§ **What to produce**
Could you restate word for word every line from the one containing "High angle view" to the end of the data below, pictures excluded?

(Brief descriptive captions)
==========
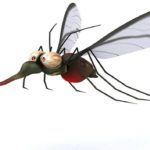 mosquito 2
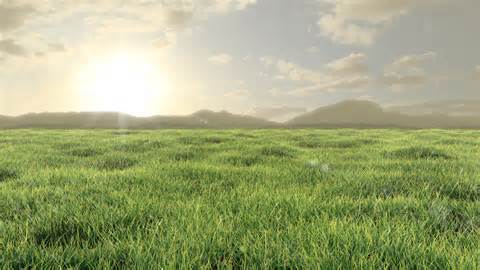 Definice grassy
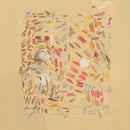Jeremiah Chiu - Edge Conditions (Vinyle Neuf)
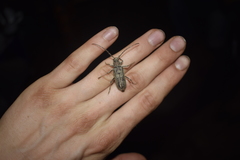 Hololeprus variolosus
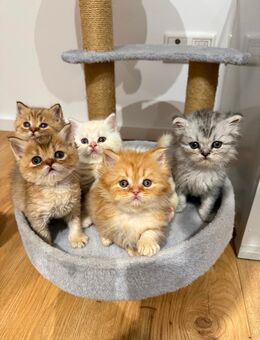 BKH und BLH Kitten - Köthen (Anhalt) Zentrum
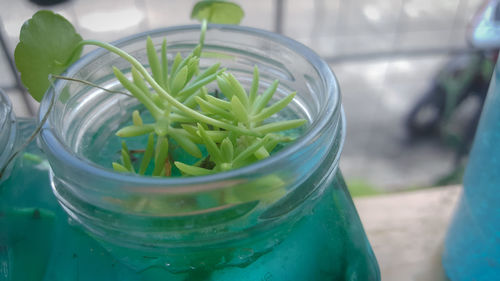 High angle view of drink in glass jar on table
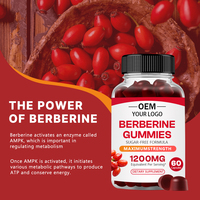 Gomitas de Berberina OEM/ODM Sin Azúcar, Apoyo al Sistema Inmunológico, Estimulación del Metabolismo, Gomitas de Berberina al por Mayor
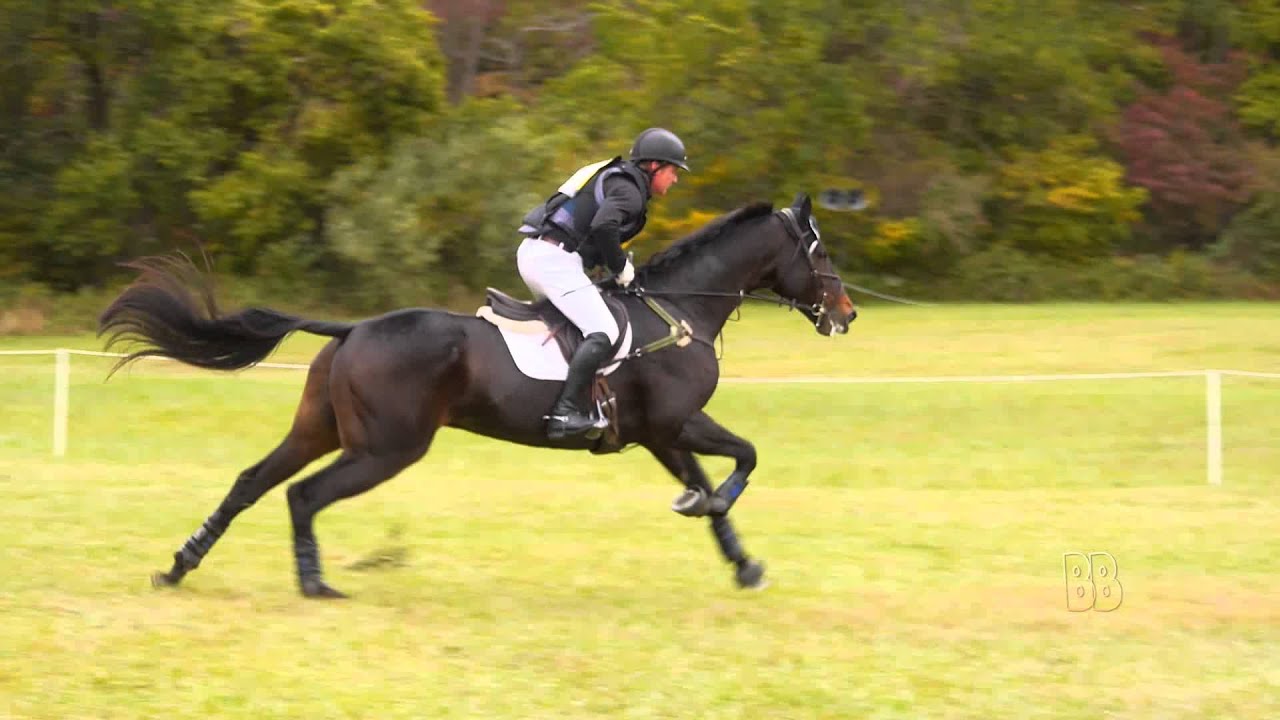 2015 Fair Hill International CCI*** 3-Day Event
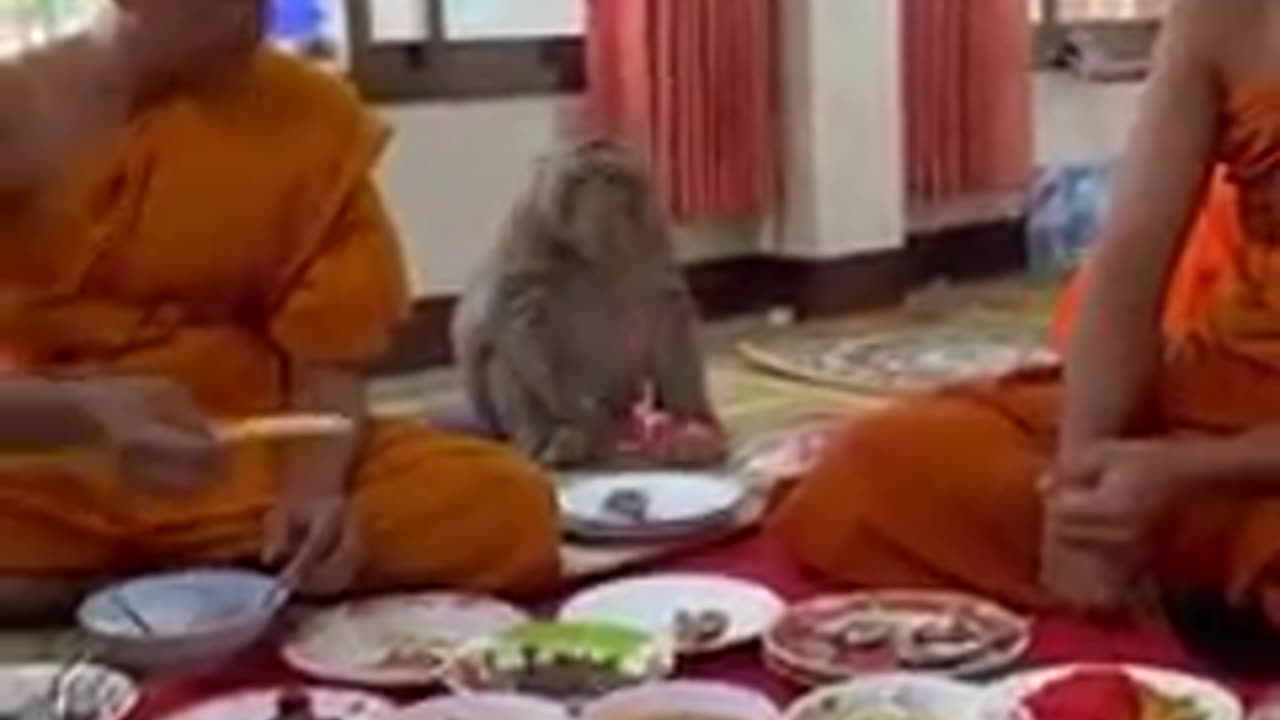 Monkey crashes Buddhist monk's lunch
==========
§ **Answer for the task**
 High angle view of drink in glass jar on table
 Gomitas de Berberina OEM/ODM Sin Azúcar, Apoyo al Sistema Inmunológico, Estimulación del Metabolismo, Gomitas de Berberina al por Mayor
 2015 Fair Hill International CCI*** 3-Day Event
 Monkey crashes Buddhist monk's lunch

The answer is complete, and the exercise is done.